KP 時間というものは、例え嫌でも、止まることなく流れていく。
聞き耳だ。

夜門由貴 CCB<=65 【聞き耳】
Cthulhu : (1D100<=65) > 23 > 成功

雑談

夜門由貴 やった!

メイン

KP 「  」
ゴボゴボと篭ったような耳鳴りがする。大切な人を見れば、何かを言った気がするが聞き取れなかった。大切な人は少し困ったように笑う。

夜門由貴 「……閃理くん? どうしたの?」
「……」
手を握る

閃理くん 「  」

夜門由貴 「ずっと、遊んでいられたらいいのに………」

KP あたりを見渡せば、だいぶ日が傾いており、オレンジ色が空を染めていた。
日暮れだ。
何をして過ごそう。

家に帰る?どこかに出掛ける?スーパー?ホテル?レストラン?夜景の見える場所でも良い。
その為に移動をする?もう夕暮れを過ごしたのなら、別の日でも良い。大切な人と何をしよう。
→A.

夜門由貴 ……残念だけど、夕方になったらおうちに帰らなくちゃ。閃理くんと手をつないで家に帰る。
「閃理くん、今日は楽しかったね。久しぶりに遊びに来られて嬉しかった」
……閃理くんの手、大きいな。
私が、大きいって思ってたからかも。
そろそろ夜が来るね。星を探しながら、帰るのかな。

雑談

星守 閃理 由貴ちゃんも綺麗な手をしているよね。
ずっと握っていたくなる。

メイン

夜門由貴 「閃理くん、一番星だよ。

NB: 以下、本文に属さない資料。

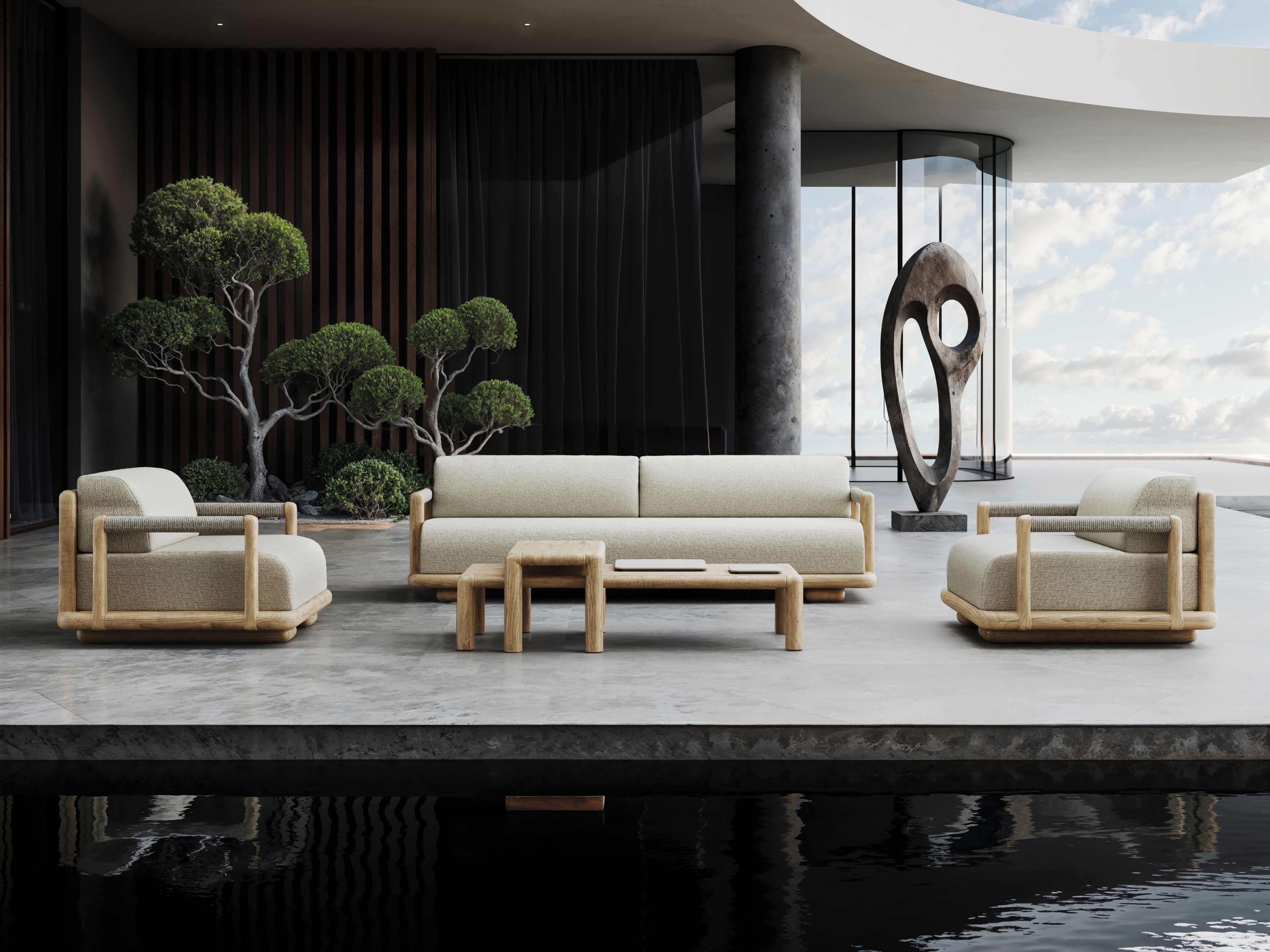 Деревянный прямоугольный низкий садовый столик SNOC Caleo ARCH-00077649 - Вид №7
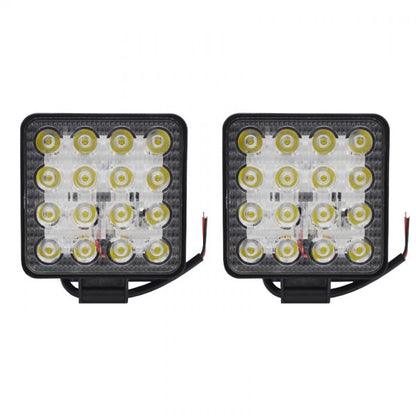 Set 2 x proiectoare LED patrate, 48W, IP67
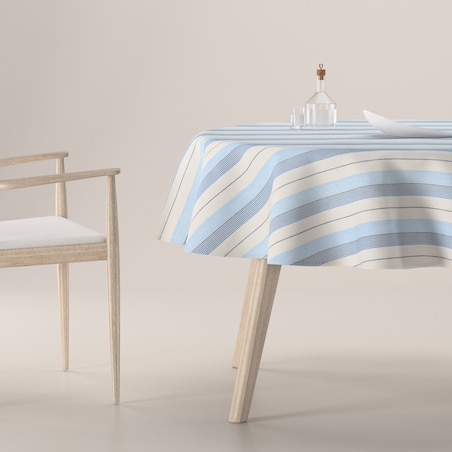 Obrus okrągły 130 x 130 cm niebieskie pasy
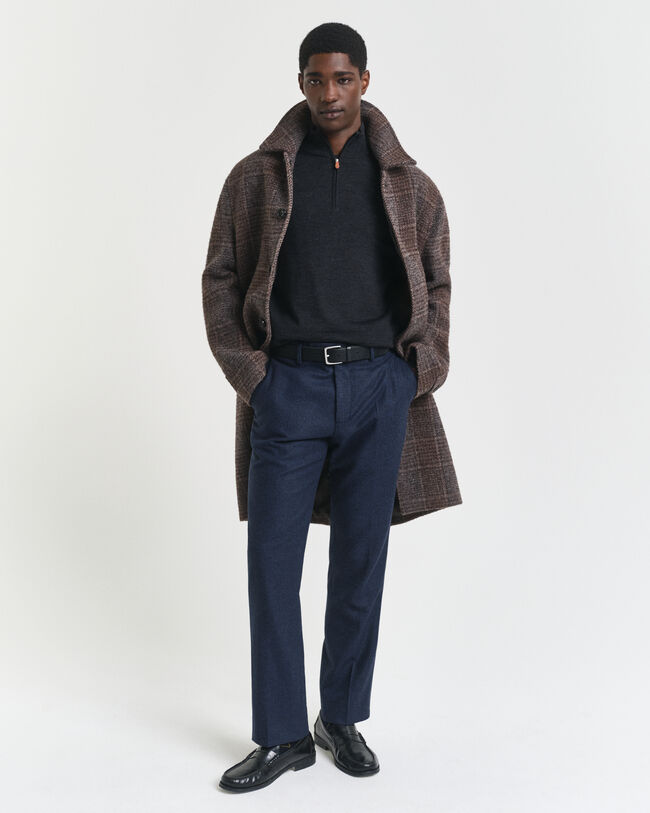 Tröja med half-zip i extra fin merinoull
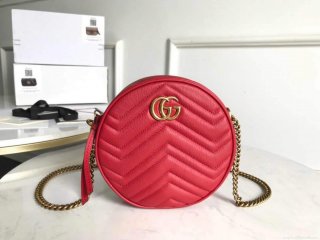 Gucci 550154 GG Marmont Mini Round Shoulder Bag Red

……えっ? ほんとだ」

雑談

夜門由貴 ええ? ……ほんと?
なんだか… ええ~照れちゃうな…

メイン

夜門由貴 閃理くんに言われて振り返ると、もう他に星が光ってたんだ。

閃理くん 「僕のほうが先に、見つけたみたいだね」

夜門由貴 「ふふ、閃理くん、星を見つけるのがうまいね」

KP ……思い思いの日を過ごし、もうすぐ夜がやってくる。
目星をどうぞ。

夜門由貴 CCB<=76 【目星】
Cthulhu : (1D100<=76) > 2 > 決定的成功/スペシャル

雑談

夜門由貴
わぁ!!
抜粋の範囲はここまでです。